Optimize operation for pandas dataframe , current solution is extremely slow

Question

I have a pandas dataframe with geohashes as indexes along with a column called neighbours which stores a list of neighbours for each geohash. There are a few other column as well with metadata for each geohash as well. The dataframe looks like this:

Geohash (index)	Wave Height	Normalized Wave Height	Speed Factor	Neighbours
u4sj9hz	0.962316	0.361604	0.757725	['u4sj9hy', 'u4sj9kb', 'u4sj9hx', 'u4sj9hw', 'u4sj9k8', ...]
u4ezqxn	0.570723	0.214457	0.856314	['u4ezqxj', 'u4ezqxp', 'u4ezqwy', 'u4ezqwv', 'u4ezqwz', ...

I need to create a edge_list used for graph creation, at first i did the following:

def create_edge_list(geohash, speed_factor, neighbours):
    edge_list = []
    for n in neighbours:
        distance = haversine_distance(geohash, n)
        # distance is in km, speed is in m/s.
        speed = 14 * speed_factor
        time = round((distance/(speed*3.6))*60, 1)
        edge_list.append((geohash, n, {"distance": distance, "time": time}))
    return edge_list


for geohash, row in tqdm(df.iterrows(), desc="Creating edge list", total=len(df.index), colour="green"):
        edge_list = create_edge_list(geohash, row.speed_factor, row.neighbours)
        elist.extend(edge_list)

But this is extremely slow considering i have over 7 million rows. Then i tried using multiprocessing and multithreading trying out both ProcessPoolExecutor and ThreadPoolExecutor, but these did not help much. Any suggestions?

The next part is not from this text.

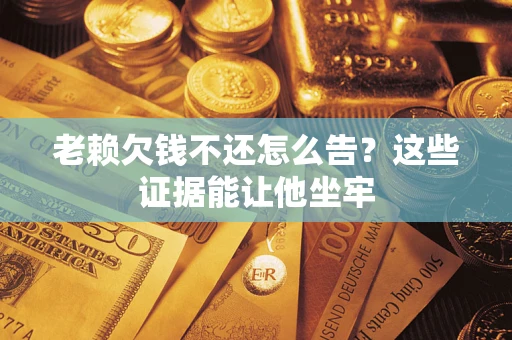 北京老赖欠钱不还怎么告？这些证据能让他坐牢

Edit: Seems like i had some errors in the ProcessPoolExecutor, once I fixed that it worked and it did speed it up (took 80 minutes to run down from several hours from just looping through). Also made a sligthly edited minimal reproducible example (notebook)

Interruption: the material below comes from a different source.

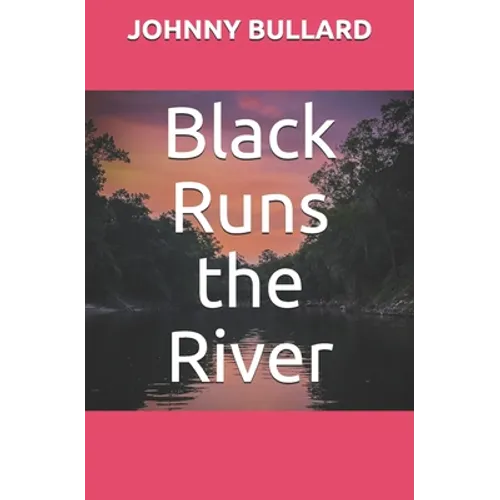 Black Runs the River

# Using Python 3.11.2, but works fine for most other newer Python versions

!pip install geopandas
!pip install geohash
!pip install polygeohasher
!pip install shapely
!pip install pandas
!pip install geopandas
!pip install tqdm

import os
import random
from math import cos, sin, asin, sqrt, radian

import geohash as gh
from polygeohasher import polygeohasher
from shapely.wkt import loads
import pandas as pd
import geopandas as gpd
from tqdm import tqdm


def haversine_distance(geohash1, geohash2):
    # geohash2 might be a list of neighbors
    if isinstance(geohash2, list):
        return [round(haversine_distance(geohash1, gh), 3) for gh in geohash2]

    lat1, lon1 = gh.decode(geohash1)
    lat2, lon2 = gh.decode(geohash2)

    lat1, lon1 = (float(lat1), float(lon1))
    lat2, lon2 = (float(lat2), float(lon2))

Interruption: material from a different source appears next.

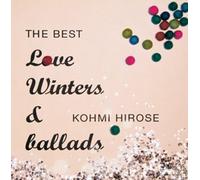 Kohmi Hirose - Best Love Winters & Ballads [2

    lon1, lat1, lon2, lat2 = map(radians, [lon1, lat1, lon2, lat2])

    # haversine formula 
    dlon = lon2 - lon1 
    dlat = lat2 - lat1 
    a = sin(dlat/2)**2 + cos(lat1) * cos(lat2) * sin(dlon/2)**2
    c = 2 * asin(sqrt(a)) 
    r = 6371 # Radius of earth in kilometers. Use 3956 for miles. Determines return value units.
    return c * r


def create_edge_list(geohash, speed_factor, neighbours):
    speed_multiplier = 60 / (3.6 * 14 * speed_factor)
    neighbours = list(neighbours)
    distances = haversine_distance(geohash, neighbours)
    times = [round(d * speed_multiplier, 2) for d in distances]
    edge_list = [(geohash, neighbours[i], {"distance": distances[i], "time": times[i]}) for i in range(len(times))]
    return edge_list


if __name__ == "__main__":
    GEOHASH_PRECISION = 6
    # Create polygons using: https://clydedacruz.github.io/openstreetmap-wkt-playground/
    polygon_wkt = "POLYGON((9.07196044921875 53.91728101547625,8.25897216796875 52.99495027026802,5.88043212890625 53.20603255157843,5.072937011718749 53.497849543967675,5.913391113281249 53.74221377343122,6.05621337890625 54.004540438503625,8.73687744140625 54.072282655603885,9.07196044921875 53.91728101547625))"
    polygon_gdf = gpd.GeoDataFrame(index=[0], crs="EPSG:4326", geometry=[loads(polygon_wkt)])
    print("Creating geohash list...")
    temp_df = polygeohasher.create_geohash_list(polygon_gdf, GEOHASH_PRECISION, inner=True)
    df = pd.DataFrame(temp_df.geohash_list.values.tolist()[0], columns=["geohash"])
    df.set_index("geohash", inplace=True)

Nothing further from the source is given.